I sindacati degli agenti: provvedimenti abnormi
Il Sappe, Sindacato Autonomo Polizia Penitenziaria, esprime «sorpresa ed amarezza» alla notizia delle misure cautelari: «A noi sembrano provvedimenti abnormi- dichiara il segretario generale Donato Capece- considerato che dopo un anno di indagini mancano i presupposti per tali provvedimenti, ossia l’inquinamento delle prove, la reiterazione del reato ed il pericolo di fuga». Sulla stessa linea il SPP (Sindacato Polizia Penitenziaria): «Cosa sarebbe successo se il personale di Polizia Penitenziaria non avesse fronteggiato, mettendo in pericolo la propria incolumità, le rivolte dei detenuti? E cosa accadrà adesso in questo e in tutti gli altri istituti penitenziari italiani se passa la linea di delegittimazione del personale penitenziario?», afferma il segretario generale Aldo Di Giacomo. «Sgomento» viene espresso anche da Gennarino De Fazio, Segretario Generale della UILPA Polizia Penitenziaria: «Continuiamo a nutrire incondizionata fiducia nella magistratura e, più in generale, negli organi inquirenti, nonostante la spettacolarizzazione che abbiamo denunciato durante la prima fase delle indagini, ma nutriamo altrettanta fiducia nella generalità degli appartenenti al Corpo di polizia penitenziaria, al di là di possibili casi isolati di eccesso o, addirittura di agenti infedeli, che vanno individuati, isolati e perseguiti.
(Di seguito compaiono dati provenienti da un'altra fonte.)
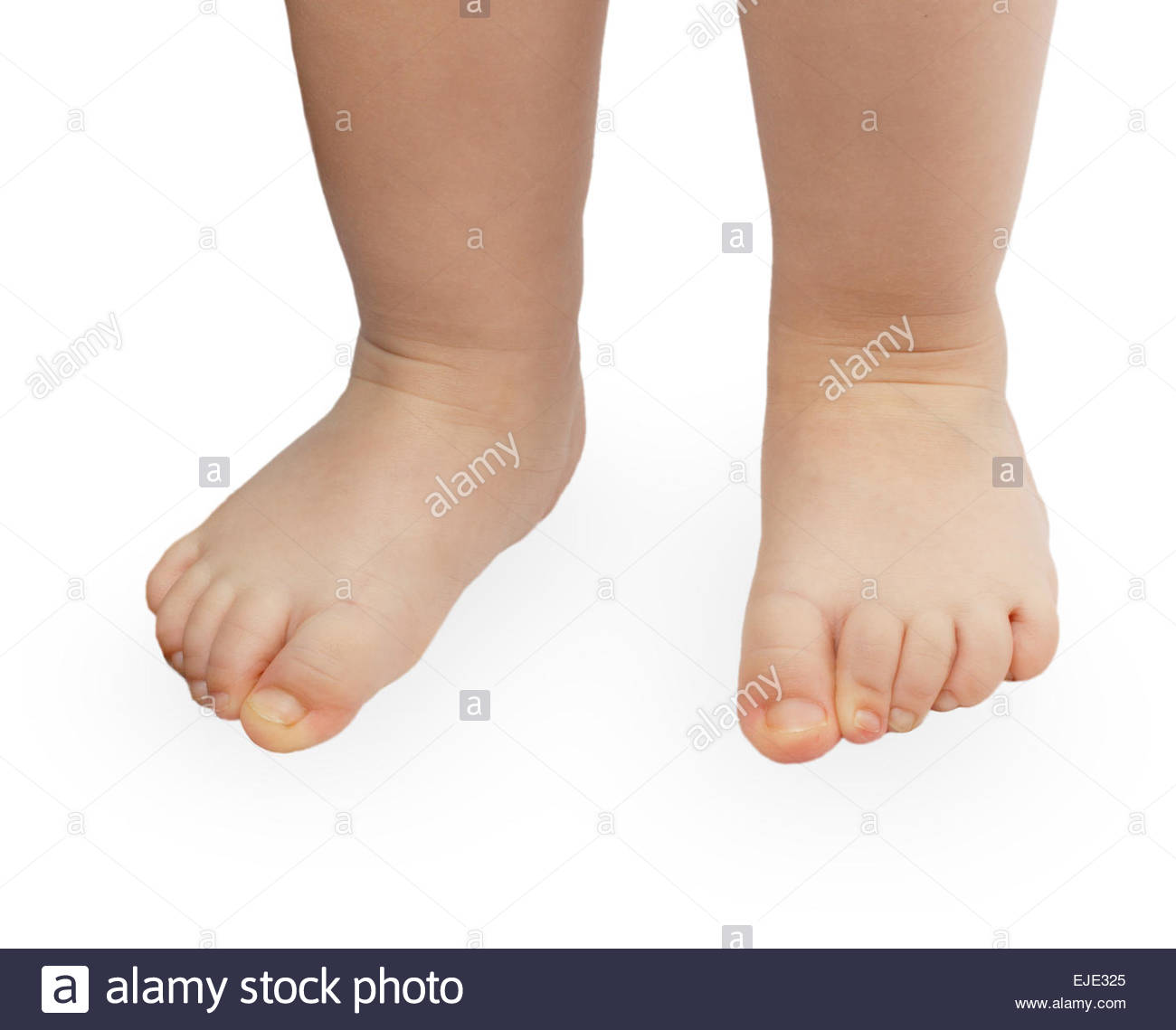 Close up of baby feet isolated on white background Stock Photo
Tuttavia, se le proporzioni fossero davvero quelle che sembrano emergere, quanto accaduto confermerebbe che il sistema complessivo non funziona, che l’esecuzione carceraria va reingegnerizzata e che l’Amministrazione penitenziaria va rifondata», conclude.
La visita di Salvini
I fatti fecero molto rumore e qualcuno li paragonò addirittura alle violenze che avvennero alla caserma Diaz durante il G8 a Genova. Gli indagati, inizialmente, furono 44. La notifica degli avvisi di garanzia agli agenti della Polizia Penitenziaria, avvenuta l’11 giugno 2020, da parte dei carabinieri, provocò vibranti polemiche per la modalità d’esecuzione: alcuni poliziotti salirono sui tetti dell’istituto penitenziario per protestare. In quell’occasione il leader della Lega Matteo Salvini, si recò nella struttura di Santa Maria Capua Vetere per portare la sua solidarietà alla polizia penitenziaria: «Non si possono indagare e perquisire come criminali i servitori dello Stato», disse. La notizia degli avvisi di garanzia ai poliziotti fu festeggiata con fuochi d’artificio fuori dalle mura del carcere, sparati forse da familiari dei detenuti.